Equity Incentive Plans and Stock-Based Compensation

v3.21.2
Equity Incentive Plans and Stock-Based Compensation
9 Months Ended
Oct. 31, 2021
Share-based Payment Arrangement [Abstract]  
Equity Incentive Plans and Stock-Based Compensation Equity Incentive Plans and Stock-Based Compensation
Prior Stock Plans
In June 2015, we adopted our 2015 Stock Plan (the “2015 Plan”). The 2015 Plan was terminated in June 2018 in connection with the adoption of the 2018 Plan. Accordingly, no shares are available for future issuances under the 2015 Plan following the adoption of the 2018 Plan.
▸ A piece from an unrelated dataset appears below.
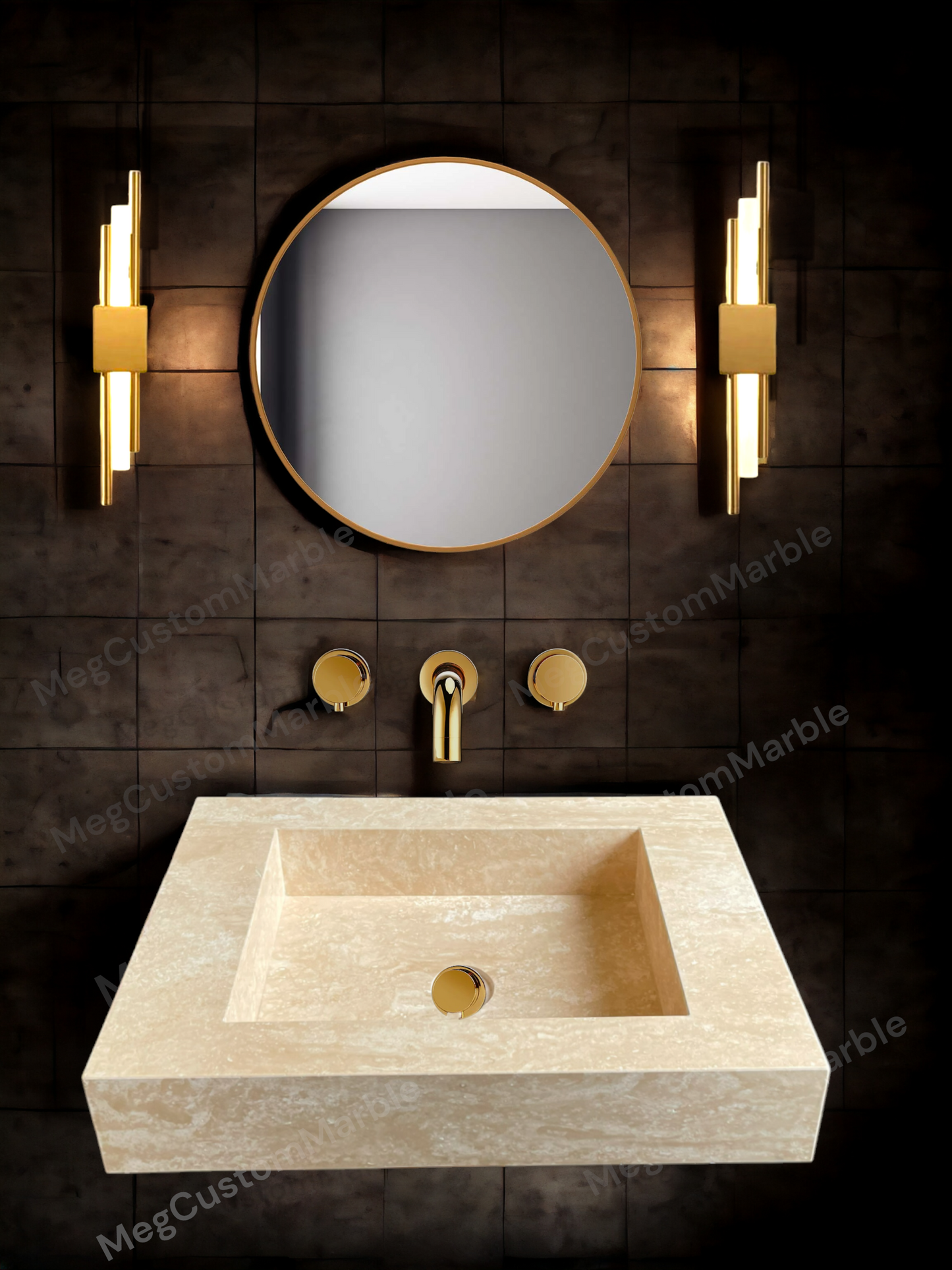 Natural Stone Travertine Wall Mounted Marble Sink,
In June 2018, we adopted the 2018 Plan, which provides for grants of stock-based awards, including RSUs, RSAs, and stock options. The 2018 Plan was terminated in April 2021 in connection with the adoption of our 2021 Stock Plan (the “2021 Plan”). Accordingly, no shares are available for future issuances under the 2018 Plan following the adoption of the 2021 Plan.
2021 Stock Plan
In April 2021, prior to and in connection with the IPO, we adopted the 2021 Plan, which provides for grants of incentive stock options, nonstatutory stock options, stock appreciation rights, RSAs, RSUs, performance awards, and other forms of awards. We have reserved 118.8 million shares of our Class A common stock to be issued under the 2021 Plan. In addition, the number of shares of our Class A common stock reserved for issuance under the 2021 Plan will automatically increase on February 1 of each year for a period of ten years, beginning on February 1, 2022 and continuing through February 1, 2031, in an amount equal to (1) 5% of the total number of shares of our common stock (both Class A and Class B) outstanding on the preceding January 31, or (2) a lesser number of shares determined by our board of directors no later than the February 1 increase.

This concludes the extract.